IronSys: A Production Blueprint for Modern Concurrency
After Four Pillars of Concurrency, the natural question: what does a system actually look like when it uses all of them deliberately? IronSys is a composite blueprint — the concurrency architecture I'd build today if I were starting over, with the trade-offs each choice buys.
Table of Contents
In the last post I walked through the four concurrency pillars — shared memory + locks, CSP, actors, STM — and argued that real systems mix them on purpose. Someone reasonably asked: okay, but what does that actually look like? Fair question. Abstract taxonomy is less useful than a worked example.
IronSys is that worked example. It’s a composite blueprint — not a real service, but representative of a class of services I’ve designed, helped design, or debugged in production. Let’s say it’s a mid-sized backend system: public API, stateful user sessions, streaming data in, aggregation and reporting out. The kind of thing that appears in the middle of any serious platform.
The interesting part isn’t the features. It’s which concurrency primitive shows up where, and why.

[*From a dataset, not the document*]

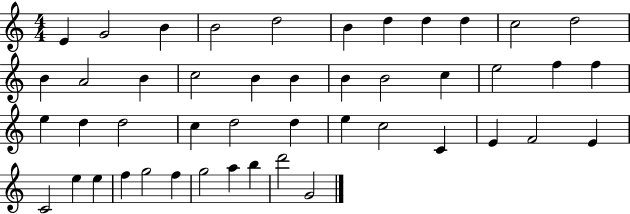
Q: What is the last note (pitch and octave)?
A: G4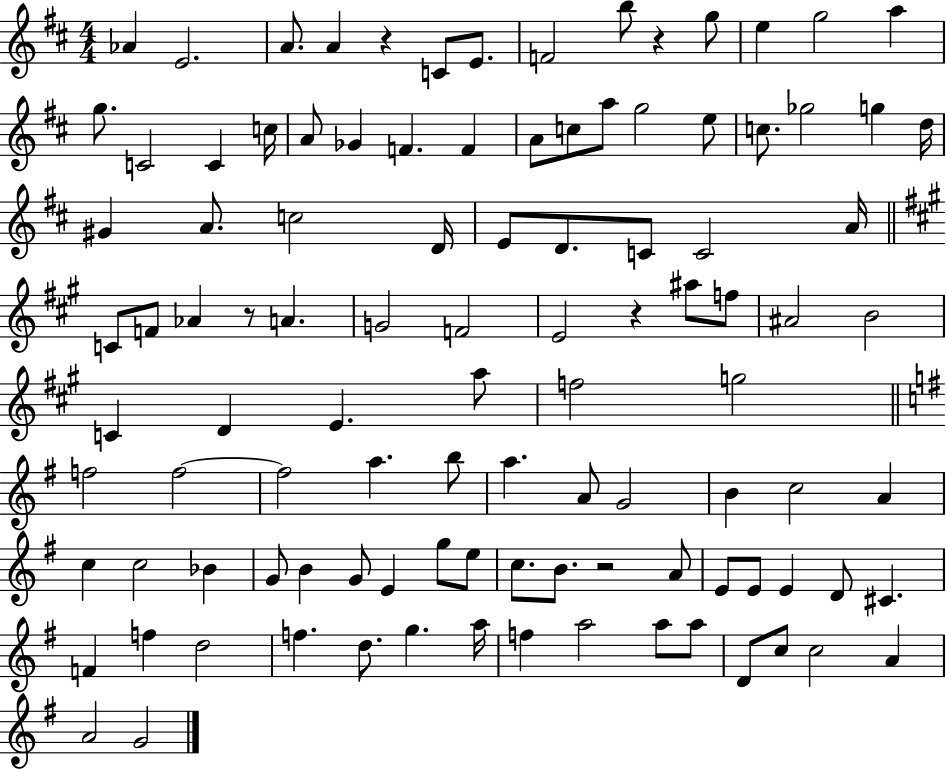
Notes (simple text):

tl;dr — IronSys is a composite production blueprint: a multi-service Go backend with stateful user sessions, streaming ingest, and usage aggregation. It uses CSP channels for pipelines and coordination, a goroutine-per-entity actor pattern for stateful sessions, mutexes and atomics for hot shared counters, and durable queues for cross-service handoff. Each primitive is picked for a specific failure mode. The pattern is not “mix for variety”; it’s “match the primitive to the work.”
The System Shape
Before deciding on concurrency primitives, sketch the work shapes. IronSys has four:
- Public API — request/response, modest concurrency, latency-sensitive. The classic HTTP backend.

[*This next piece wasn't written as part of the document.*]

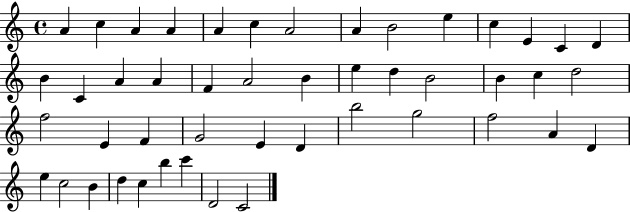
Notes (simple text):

- Live sessions — stateful, long-lived per-user entities. Think multiplayer game server, collaborative editor, real-time dashboard.
- Streaming ingest — high-throughput events arriving over Kafka/NATS, fanned out to workers for processing.

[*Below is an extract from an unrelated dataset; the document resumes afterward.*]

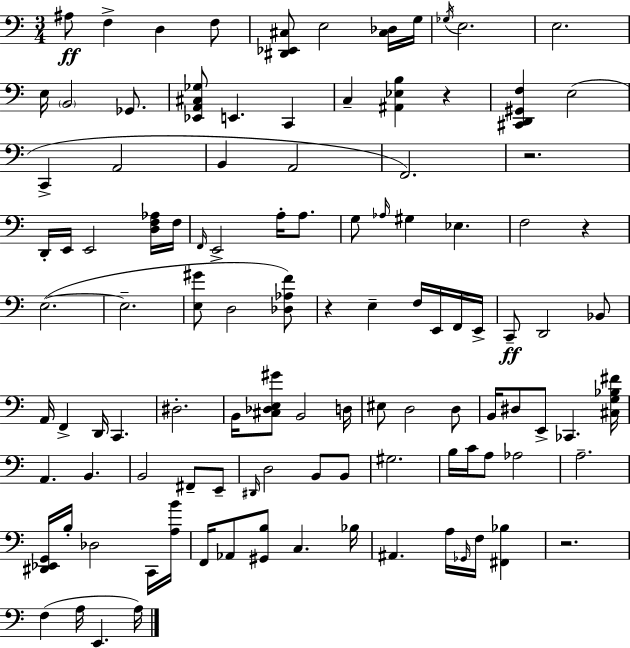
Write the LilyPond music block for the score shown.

- Batch aggregation — periodic rollup jobs that read from storage, compute, write back.
Four shapes, four concurrency patterns. The wrong design would apply the same primitive to all four. The right design picks each separately.
flowchart LR
subgraph Shapes["Work shapes"]
S1["1. Public API
stateless · request/response"]
S2["2. Live sessions
stateful · long-lived"]
S3["3. Streaming ingest
high throughput · stateless"]
S4["4. Batch aggregation
pipeline · scheduled"]
end
subgraph Primitives["Concurrency primitives"]
P1["Goroutine + mutex
per-request handler"]
P2["Goroutine-per-entity
actor-like · private state"]
P3["Bounded channel + worker pool
CSP · backpressure"]
P4["CSP pipeline + errgroup
staged · cancellable"]
end
S1 --> P1
S2 --> P2
S3 --> P3
S4 --> P4
classDef shape fill:#e8f4f8,stroke:#2c5282
classDef prim fill:#f0fff4,stroke:#2f855a
class Shapes shape
class Primitives prim
The API Handlers
Nothing fancy. Stock Go HTTP server. Each request is its own goroutine (Go’s runtime does this automatically). Shared state — rate limiters, cache, config — is protected by mutexes or atomics:
type RateLimiter struct {
mu sync.Mutex
buckets map[string]*bucket
}
func (r *RateLimiter) Allow(key string) bool {
r.mu.Lock()
defer r.mu.Unlock()
b, ok := r.buckets[key]
if !ok {
b = newBucket()
r.buckets[key] = b
}
return b.allow()
}
Obvious choice. The contention is bounded by request rate, the state is small, a mutex is the simplest possible tool. Over-engineering here — sharded maps, lock-free data structures — buys nothing.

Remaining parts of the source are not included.